Mais, selon Michel Thiébaut de Schotten, dont l’équipe a récupéré le cerveau de Leborgne scanné en haute résolution, c’est plutôt "tout un faisceau de connexions qui a été interrompu dans la substance blanche entre l’avant et l’arrière du cerveau, qui est responsable de cette aphasie. Et non pas l’atteinte d’une zone précise".
● Henry Gustave Molaison : vivre au jour le jour
L’américain Henry Gustave Molaison est opéré du cerveau en 1953, à l’âge de 27 ans, pour arrêter ses crises d’épilepsie chronique. Le médecin, William Scoville, à l’époque une super-star de la chirurgie, a déjà tenté l’expérience plusieurs fois, sans aucun résultat concluant, sur un des lobes du cerveau.

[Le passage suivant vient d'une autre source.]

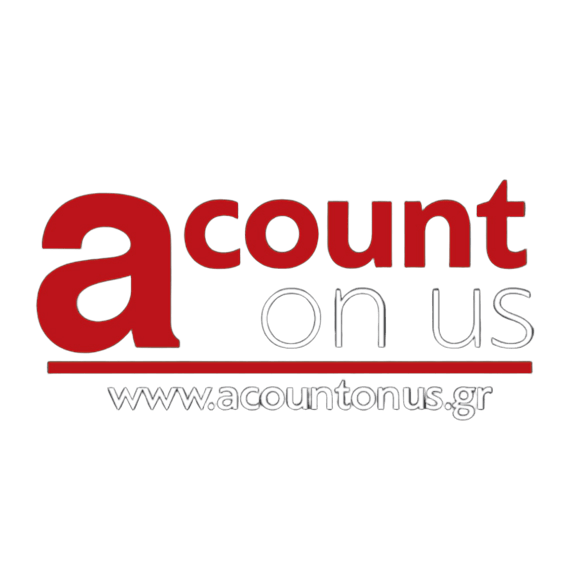 Acount On Us Logo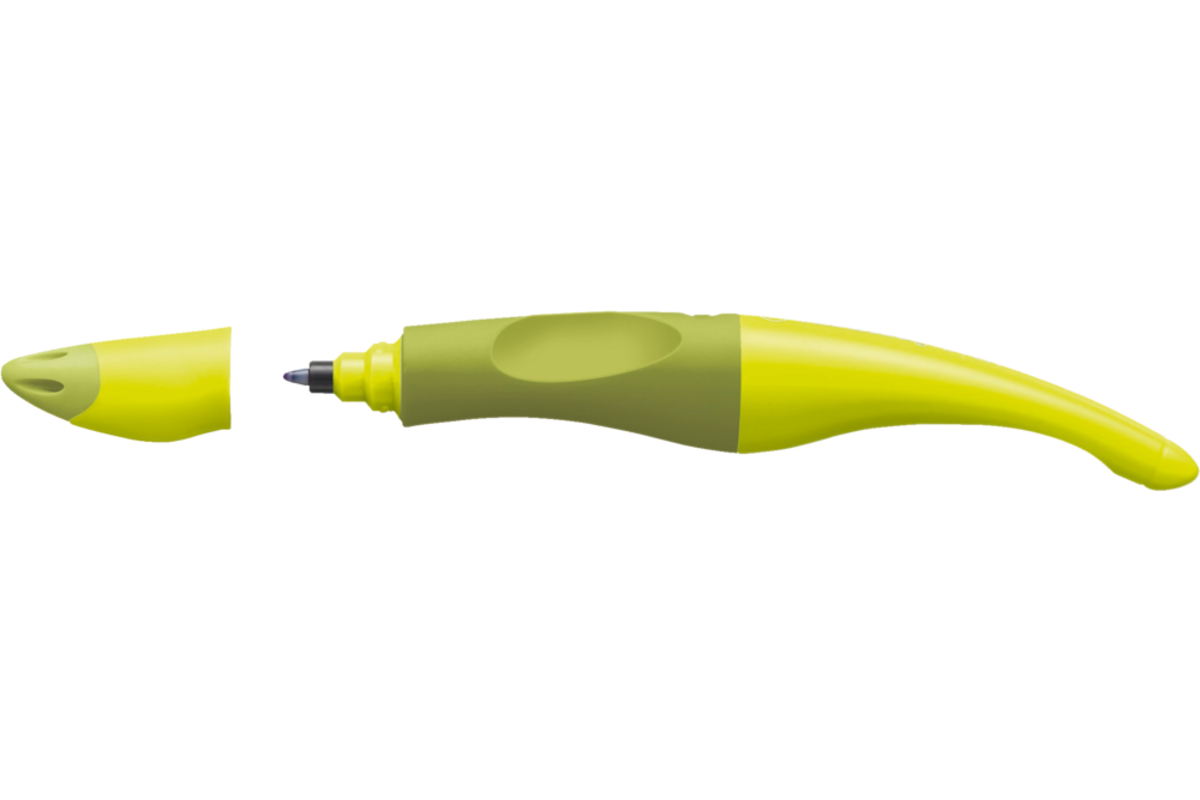 Rollerpen STABILO EASYoriginal RH lime/groen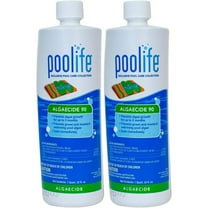 Poolife Algaecide 90 (1 qt) (2)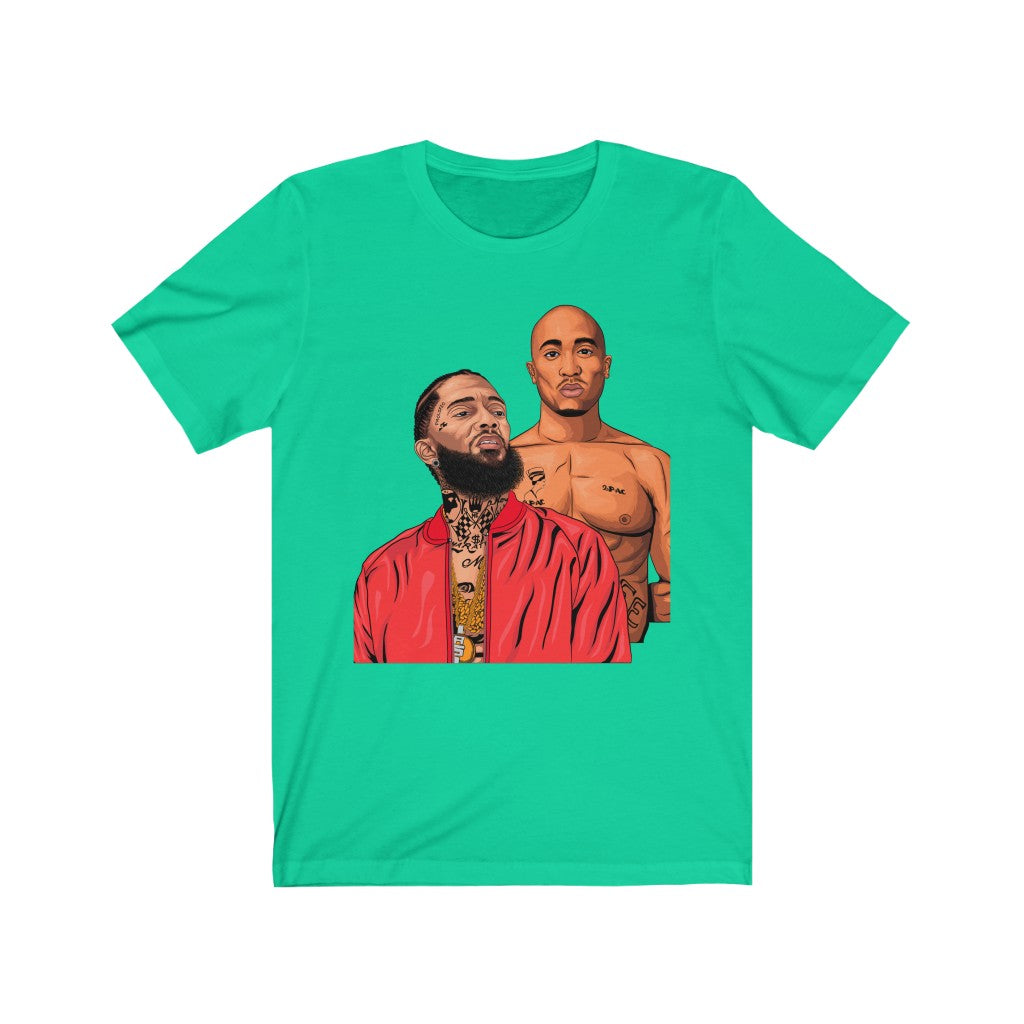 HipHop Royalty v.18 (T-Shirt)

Mais avec Henry Gustave Molaison, Scoville veut expérimenter une nouvelle méthode: plutôt que de ne traiter qu’un seul des lobes du cerveau, il va s’attaquer aux deux. Durant l’opération, Scoville effectue donc deux incisions de 2,5 cm de diamètre de chaque côté du front du patient. Après avoir soulevé à l’aide d’une spatule l’avant du cerveau, "ils vont ensuite aspirer les parties intérieures du cerveau", relate Michel Thiébaut de Schotten.
À son réveil, Henry Molaison peut parler, lire ou encore compter. Mais il est incapable de se souvenir de ce qu’il a fait la veille… ou les jours précédents. "Il revit chaque jour comme si c’était le premier", raconte Michel Thiébaut de Schotten. Pis, l’homme est toujours sujet à ses crises d’épilepsie.
Si Henry Molaison conserve sa mémoire sémantique (nom des objets) et procédurale (apprentissage du vélo, de l’écriture etc.), il n’a plus de mémoire épisodique (souvenir des événements vécus). "Par exemple, dans les mois qui ont suivi le décès de sa mère, Henry Molaison est resté de très mauvaise humeur, sans qu’il arrive à se souvenir pourquoi", décrit Michel Thiébaut de Schotten.
Les scientifiques ont étudié son cerveau jusqu’à sa mort en 2008, et même après. Grâce à lui, les chercheurs ont compris le rôle de l’hippocampe et ses connexions avec les zones alentour dans la consolidation, le stockage et la récupération de la mémoire. C’est également grâce à lui que nous avons découvert l’existence de la mémoire à long terme et à court terme.